Everything sold supports the music created by the instruments.

Werbin keeps the store’s emphasis on creating a culture where mu/sicians feel at home, whether to try out new instruments, talk about playing or find a place to jam. 

“Our specialty is buying, selling and trading new, used and vintage (instruments), but what we're really good at is meeting the artists where they want to be met,” Werbin said. 

Lapp agrees, saying Elderly cultivates a community that endures.

“A lot of musicians I know, if they're in Michigan, and they're anywhere close, they'll say, ‘We’re making a trip to Elderly,” he said.

Challenges and what’s next

Winning the national small business award delivered a sales boost in the weeks leading up to the holidays, Werbin said, prompting a strong start to Elderly’s fiscal year for a store that aims for consistent, single-digit growth.

More so, though, Werbin valued meeting the other award finalists and talking through how they try to survive and excel.

Werbin grew up in the store, she says, then headed from Lansing to Western Michigan University’s campus to study public relations.

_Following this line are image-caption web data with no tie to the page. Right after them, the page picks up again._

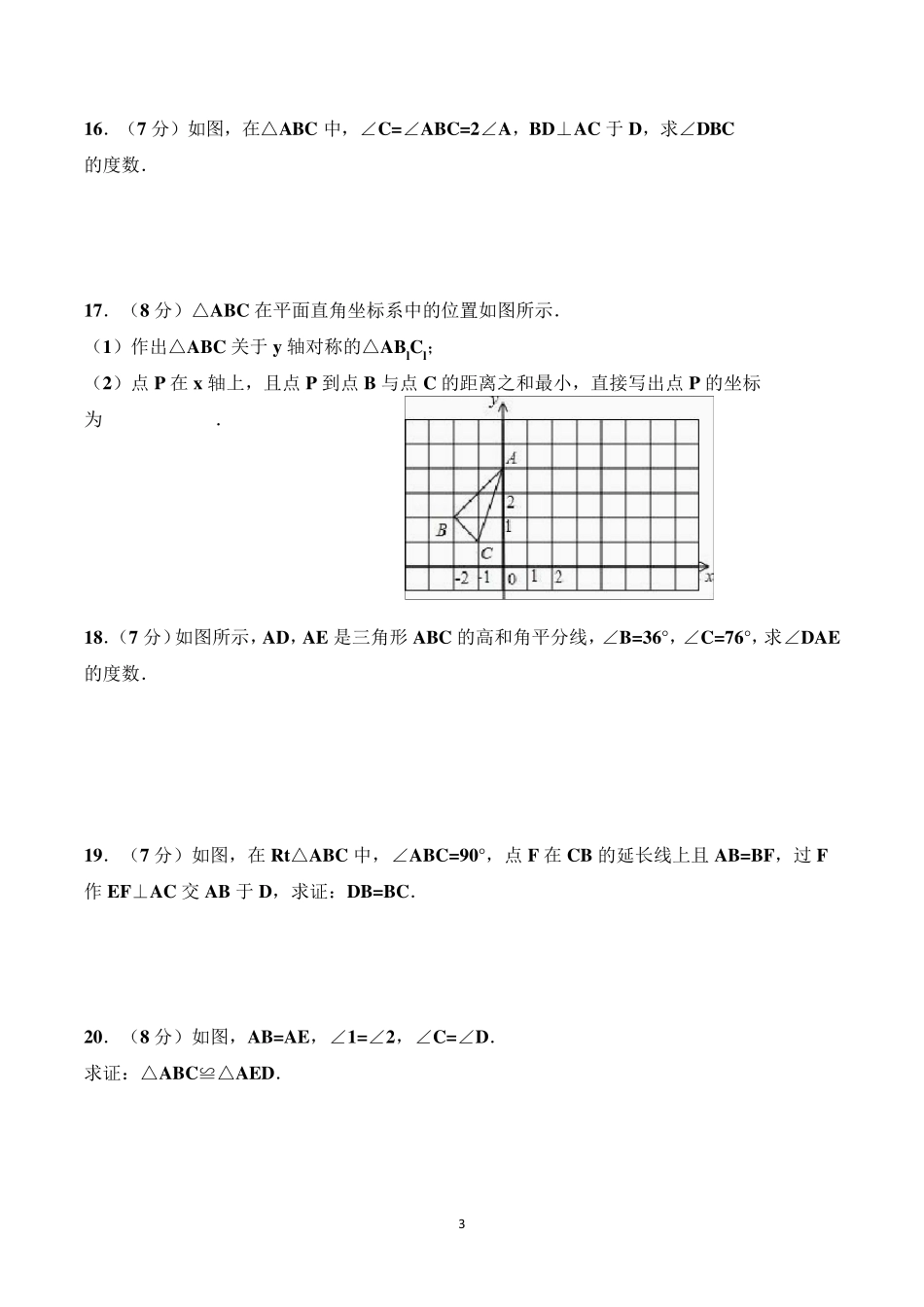 初二上学期期中考试数学试卷及参考答案_第3页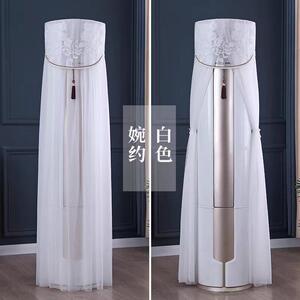 松下3匹空调罩净悦星圆形立式防尘罩套开机不取欧式包ZY72F310N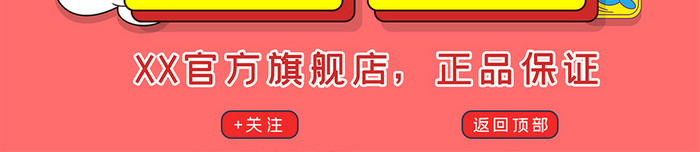 红色手绘风京东年中大促活动促销首页海报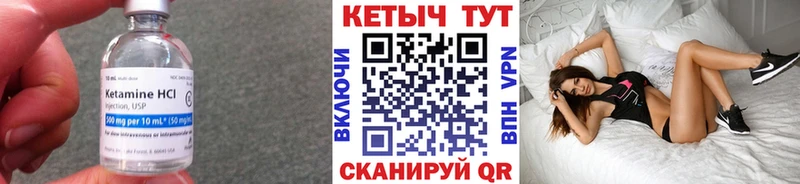 Кетамин VHQ Мариинский Посад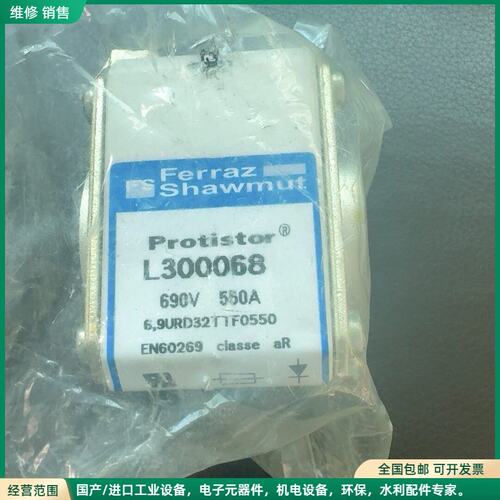 可维修法国罗兰L300068熔断器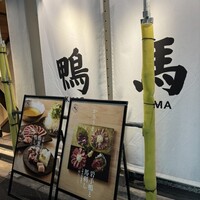 鴨ときどき馬 神保町本店 - 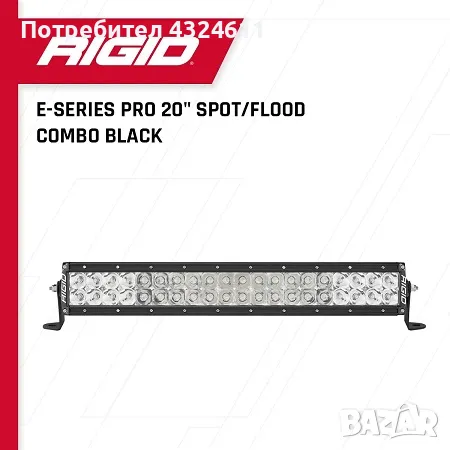 LED фарове Rigid E-Series PRO 20", комбинирани дълги/широки за офроуд, снимка 7 - Аксесоари и консумативи - 48519331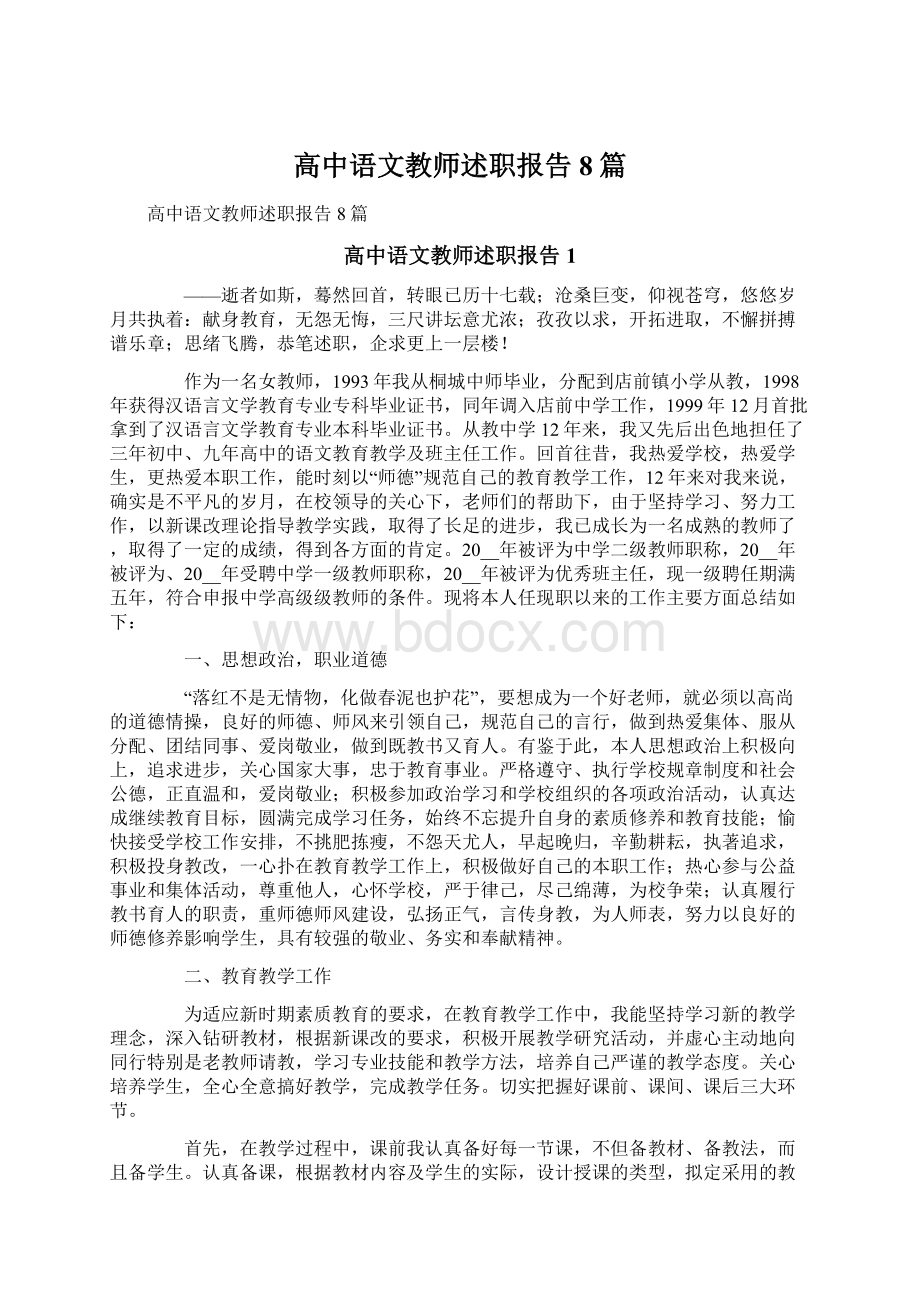 高中语文教师述职报告8篇Word格式文档下载.docx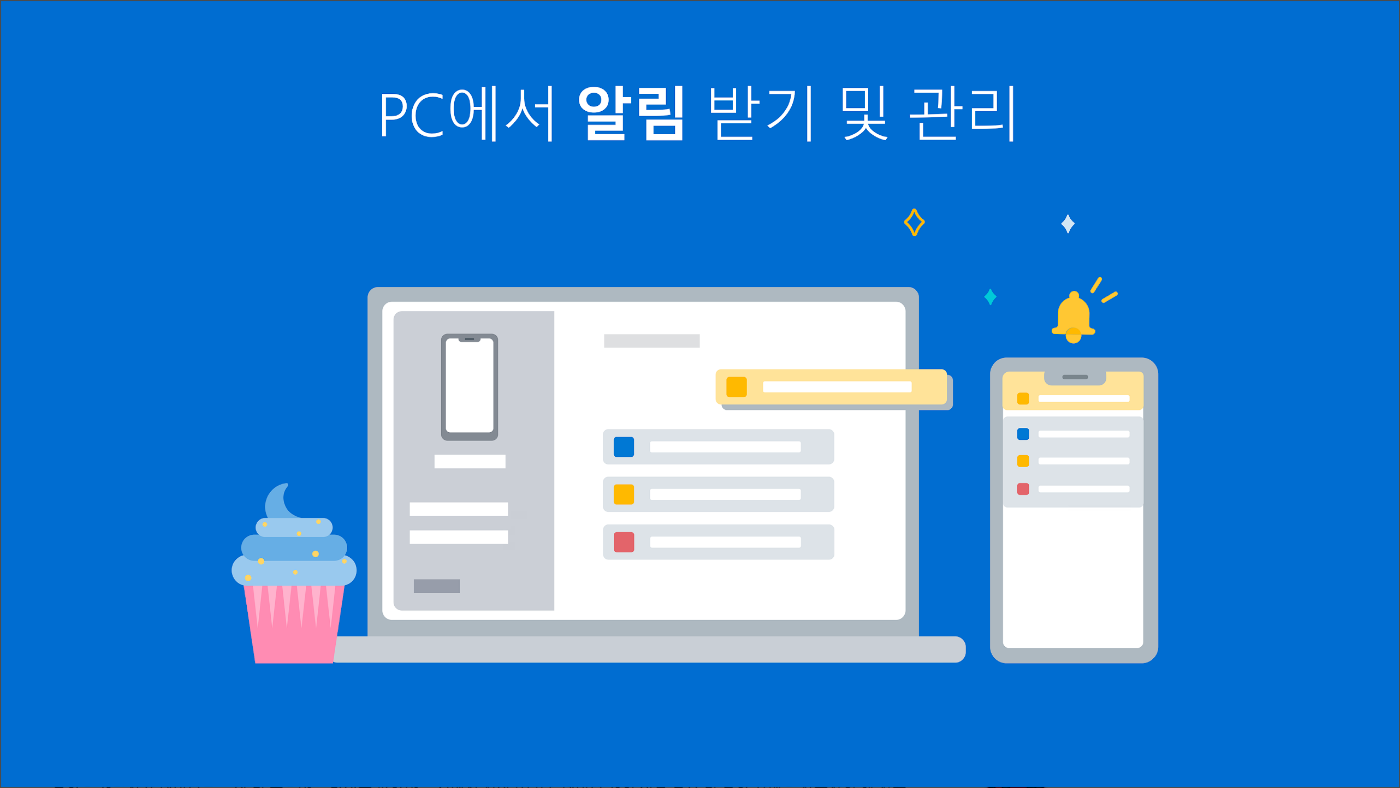 Windows와 연결, 휴대폰과 PC 액세스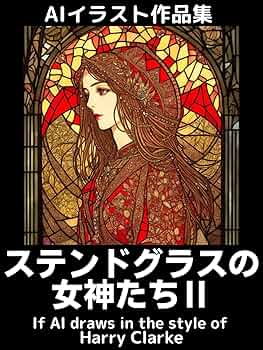 ステンドグラスの女神たちⅡ: 花と祈りのステンドグラス | 奈和良幸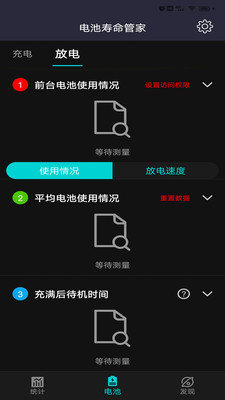 电池寿命管家1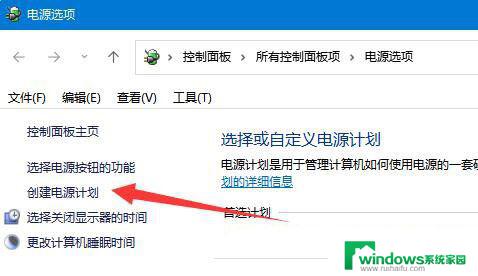 win11解锁电源选项高级设置 Win11如何解锁所有高级电源设置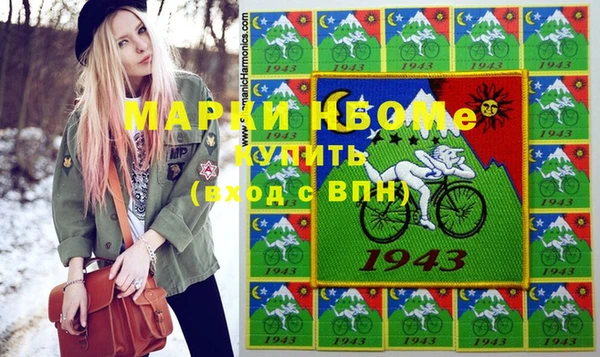 мефедрон Абинск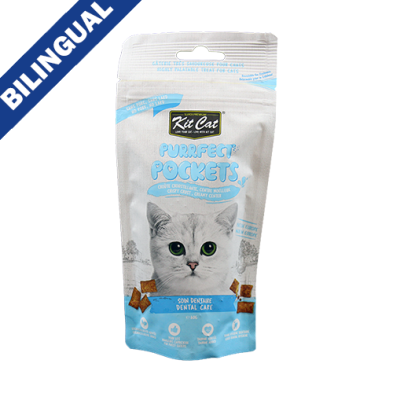 Kit Cat® ~ Purrfect Pockets Dental Care Cat Treat 60g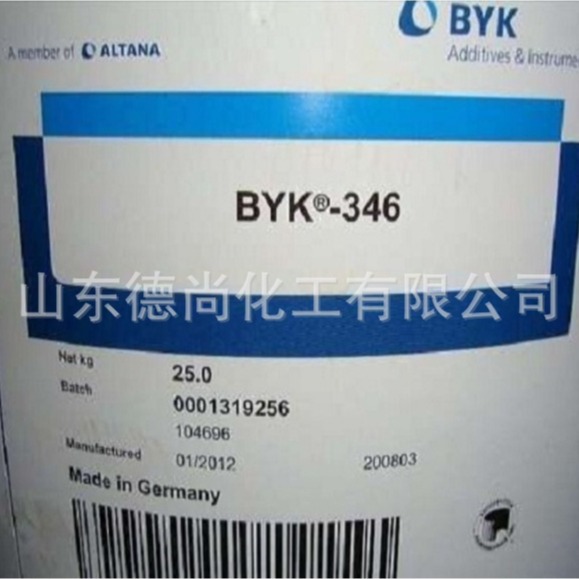 流平剂显著降低表面张力不增加表面滑爽性 毕克BYK346润湿有机硅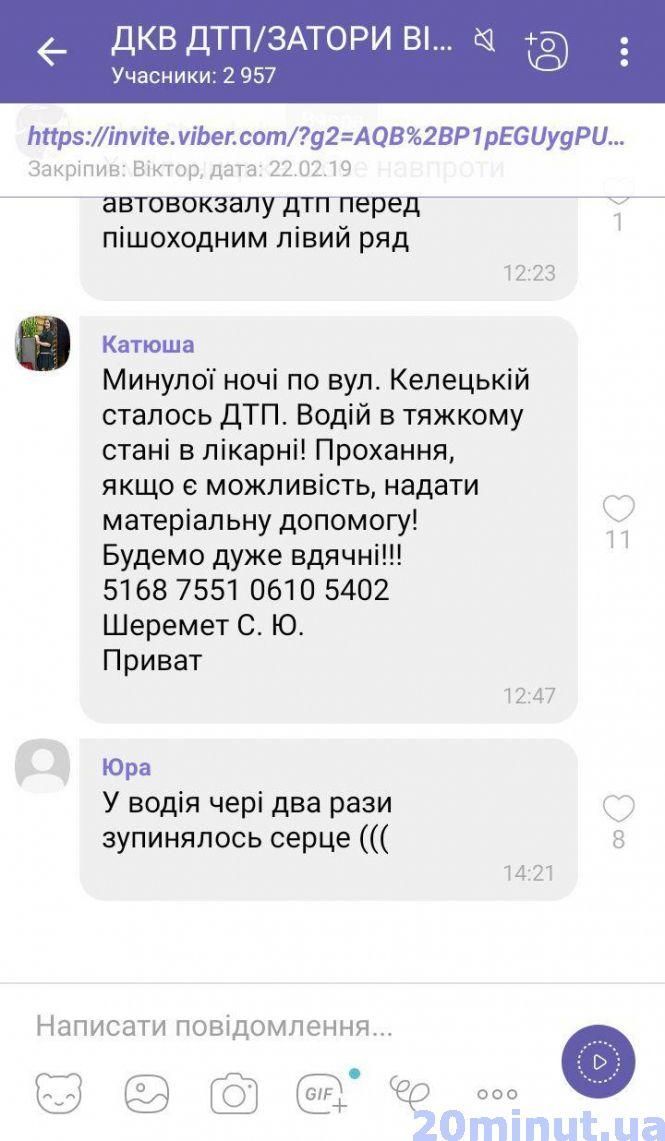 Новини Вінниці - фото з «Не чіпайте мене»: свідок розповів про перші хвилини після ДТП біля Грошу «Не чіпайте мене»: свідок розповів про перші хвилини після ДТП біля Грошу, фото №2 на сайті 20minut.ua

She returned to the Elderly 10 years ago this July as she and Stan, her father, recognized he had no succession plan. She worked in various departments, then took over as co-owner and president. 

Stan Werbin set the expectation for the store’s caliber of service and grew its reputation, something that his daughter continues with a few modern twists: She brings an eye for back-end management systems, like inventory, and also is maximizing online sales in part through one-day shipping turnaround. 

Challenges that crop up at the store also give rise to opportunities, she said. An example is online sales, which grew during the pandemic and continues to pull in business, even as Werbin adds technology but also seeks to maintain personal touches.


A series of empty basement rooms once used for in-person lessons now invite a store innovation this year, as Elderly tries to use all of its space.

But the rest of the store is still full and vibrant, from climate-controlled storage rooms upstairs to the densely packed workbenches of the craftsmen restoring frets, bodies and string sounds.

Werbin’s days at the store make her happy, she said, so much so that she even comes in on some Sundays, when Elderly is closed, to cherish the peace among the instruments that line room after room.

Her favorite is the banjo, but that’s not to say customers will see her playing often.

“I grew up singing,” she said. Today, Werbin added, “I’m a much better audience member than musician.”

But she also cultivates the next generation of musicians, while doing her part to widen the pool of diversity. 

Jeffrey Renton repairing a banjo
Kyle Szarek works on a banjo in the repair shop at Elderly, surrounded by instrument sent to the from around the country for the store’s luthiers to fix. (Bridge photo by Dale G. Young)

She’s chair of Bluegrass Pride, advocating for LGBTQ musicians and fans, and runs The Banjo Gathering, a national event to celebrate the instrument. More events may follow soon.

Attention to off-site events in addition to regular bluegrass jams raises hopes that new audiences will keep American roots music of all types, including fading formats like the blues, alive. 

While Werbin grew up at Elderly, she never envisioned running the venerable store.

Today, she said, “I can't imagine my life being anywhere else.”